Suite au décès de Franco en 1978, la constitution de 1978 a jeté les fondations pour réintégrer le catalan dans la sphère publique espagnole. L’année suivante, le catalan a été officiellement reconnu comme une langue à part entière, devenant ainsi la langue officielle et régionale de la Catalogne, une région au nord-est de l’Espagne. Avec le temps, de nombreuses initiatives ont vu le jour pour valoriser et renforcer cette langue. Par exemple, dans certaines régions d’Espagne, les cours sont dispensés en catalan dans les écoles et les universités, les panneaux de signalisation sont écrits en catalan et la langue est également souvent parlée dans les médias.
La répression contre la langue ouïghoure en Chine
Un exemple plus récent est la suppression de l’ouïghour, une langue parlée par les Ouïghours, un groupe ethnique turcophone d’Asie centrale. Une grande partie de cette minorité ethnique vit dans la région du Xinjiang, en Chine.
Le gouvernement chinois a pris un certain nombre de mesures pour restreindre la langue ouïghoure. L’une d’entre elles consiste à utiliser le mandarin comme langue d’enseignement dans le système éducatif. En conséquence, de nombreuses écoles enseignant en ouïghoure ont été fermées ou contraintes d’utiliser le mandarin. Beaucoup de livres en ouïghoure ont aussi été bannis ou censurés.
En outre, le gouvernement chinois a mis en place une vaste infrastructure de surveillance dans la région du Xinjiang afin de contrôler les activités des Ouïghours. Cela comprend également la surveillance des communications et de l’utilisation de l’internet, qui limite considérablement l’utilisation de la langue ouïghoure dans les médias.
Les mesures visant à réprimer l’utilisation de l’ouïghour ont eu un impact catastrophique sur la langue et la culture ouïghoures. Malheureusement, de nombreux Ouïghours, en particulier la jeune génération, trouvent difficile et effrayant d’apprendre et d’utiliser leur propre langue.

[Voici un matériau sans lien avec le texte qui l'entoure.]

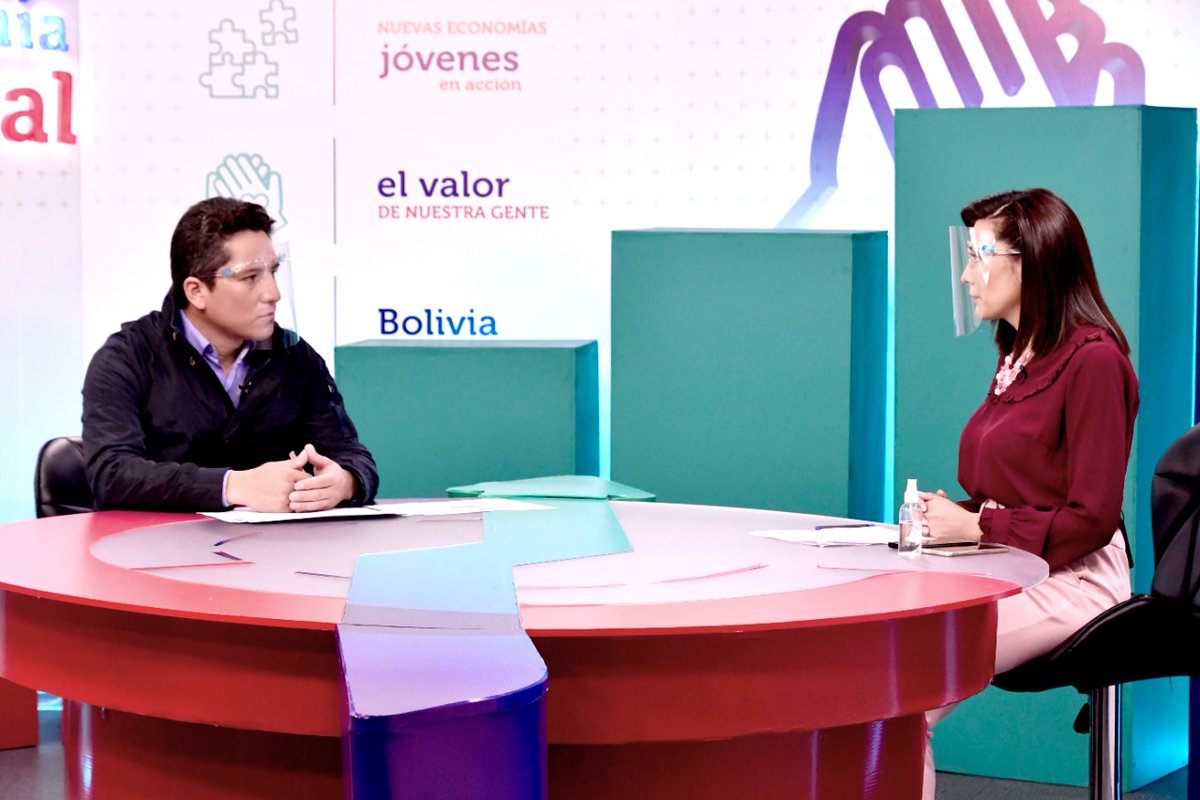 #Último | El Viceministro de Electricidad y Energías Alternativas, José María Romay Bortolini, en entrevista para el programa “Economía Plural” de <a href="/Canal_BoliviaTV/">Bolivia Tv Oficial</a>
#VamosASalirAdelante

Sur la scène internationale, l’abolition de cette langue est perçue comme une atteinte majeure aux droits humains et culturels des Ouïghours. Les organisations défendant les droits de l’homme, ainsi que la communauté mondiale, intensifient leurs efforts pour sensibiliser à ce sujet et préserver les droits et l’identité culturelle de ces derniers.
Quelles sont les conséquences des interdictions de type linguistique ?
Même si on ne cite que quelques langues interdites, il y a beaucoup d’exemples de langues qui ont été interdites. Ces exemples montrent comment une langue peut être utilisée à des fins politiques, que ce soit dans le passé ou encore aujourd’hui. L’interdiction des langues a de lourdes conséquences. Elle empêche les personnes de garder et d’exprimer pleinement leur identité et leur culture.
De plus, interdire certaines langues peut entraver le développement social et économique. En effet, si les gens ne peuvent pas communiquer dans leur langue maternelle, ils pourraient avoir du mal à s’engager pleinement dans la vie publique, l’éducation et le travail.
La diversité linguistique et le multilinguisme jouent un rôle crucial dans la préservation de la variété culturelle. Ils favorisent également l’intégration sociale et encouragent le dialogue entre différentes cultures. Quand on apprend une nouvelle langue, il est crucial d’oublier les stéréotypes et les préjugés. Cela permet d’atteindre une meilleure compréhension et de favoriser le respect mutuel. C’est ainsi que l’on peut briser les barrières culturelles et encourager la compréhension entre différentes cultures.